Firstly, we should look at the growth of online distribution channels. In the last few years, the internet boom has changed the way consumers shop for and book hotels. Essentially, almost everything that hoteliers knew about the customers booking behavior based on historical data is now obsolete. What hoteliers need to do along with constant innovation is to look over their shoulder at all times to see what their competitors are offering, and then go that extra mile to not only differentiate their product but also provide better value to their customer.
We also witnessed a disturbing phenomenon over the last year, as hoteliers dropped their rates in the hope to stimulate demand. Industry experts dubbed the rapid rate decline as “a race to the bottom” and this has unfortunately turned out to be true.
Traditional revenue management practices stipulate that rates should be lower with more restrictions, long prior to arrival, aiming at the price-sensitive market and as the arrival day gets closer, the higher demand dictates the increasing rates. However, this was not the case during the recession due to the general lack in demand. In order to attract more customers, hotels were dropping their rates nearer to the arrival date because they needed to fill the rooms. This had a domino effect on the rest of the industry.
“Hoteliers therefore need to have a sophisticated and modern system that will allow them to manage their rates and availability efficiently on the various distributions channels”
Hotels nowadays update their décor – but never think of updating their policies. Every organisation that was looking to weather the recession and come out stronger would have sat down and had a radical rethink about every single element of their business model.
The majority of hotels have a flexible same-day cancellation policy, which is a product of the last century and another tool that hoteliers need to remodel so that it provides them with better results which work in their favour. How can a business operate profitably when their customers take full advantage of their lenient policy to leave them out of pocket? Surely this is an aspect that needs to be fundamentally reviewed and be skewed in the hotel’s advantage if one sees their last-minute cancellation report getting larger.

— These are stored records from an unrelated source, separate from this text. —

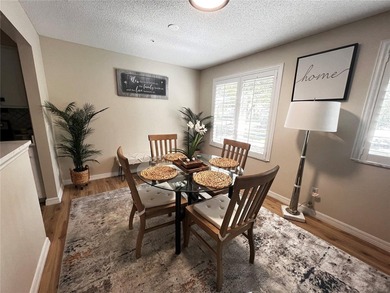 Welcome to the highly sought-after Coach Homes at Errol Estates! - photo 4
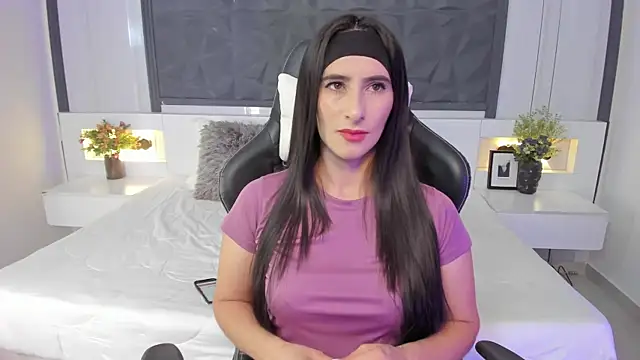 SaraGomez1 online show from November 13, 2025, 1:48 pm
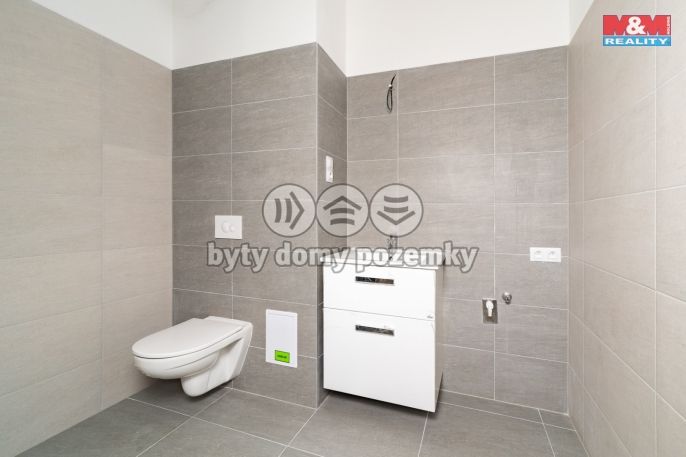 Pronájem, Byt 4+kk, Cheb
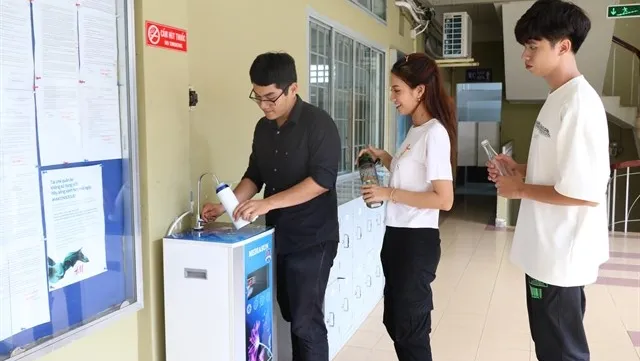 Schools, colleges begin reducing use of plastics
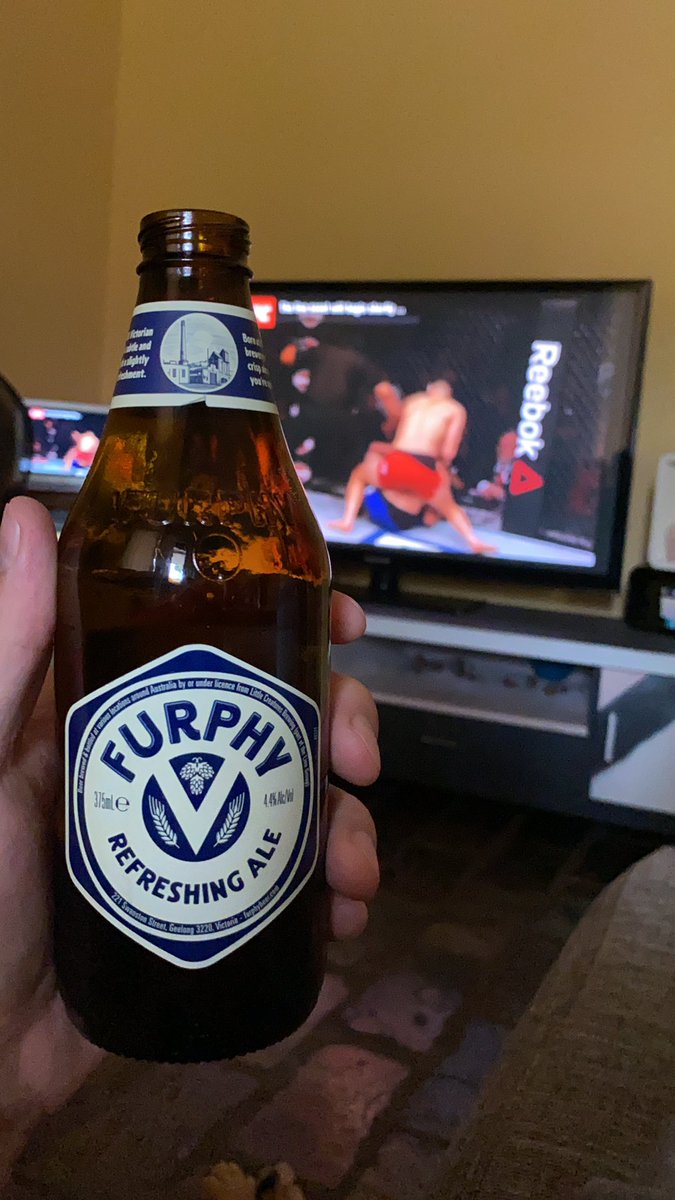 leemetprits's tweet photo. Australia ๐ฆ๐บ how we doing? #UFCBusan #UFCAUS https://t.co/psKtiHfnxx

Hoteliers also need to make the most of mobile technologies. This means they have to offer the best price at all times and make sure they have full control on their inventory. In recent days, hoteliers have realised how difficult it is to keep control on inventory and change prices on all channels.
In light of the above, revenue managers need to ask themselves the following questions – if more and more guests start booking at the last minute, what does that say for your forecast? With all the changes and the roller-coaster ride in the last two years, can hoteliers rely on the past to predict the future?
At evolution, our belief is that revenue managers should focus on the present and react accordingly. We cannot say how customers will book in the future but it is very likely that online bookings will keep increasing. Hoteliers therefore need to have a sophisticated and modern system that will allow them to manage their rates and availability efficiently on the various distributions channels.
We also suggest that hoteliers should start testing the market with higher rates. With most economies emerging from recession and consumer confidence on the upturn, it may be time to reverse the rate decline. It would make sense for hoteliers to start improving those battered ADRs by increasing their rates.
Hoteliers should strive to become the ones to take the rate lead and encourage longer stays by offering incentives. There is absolutely no doubt that the road ahead is bumpy but those who make the right calls now will undoubtedly feel the pressure ease off quicker.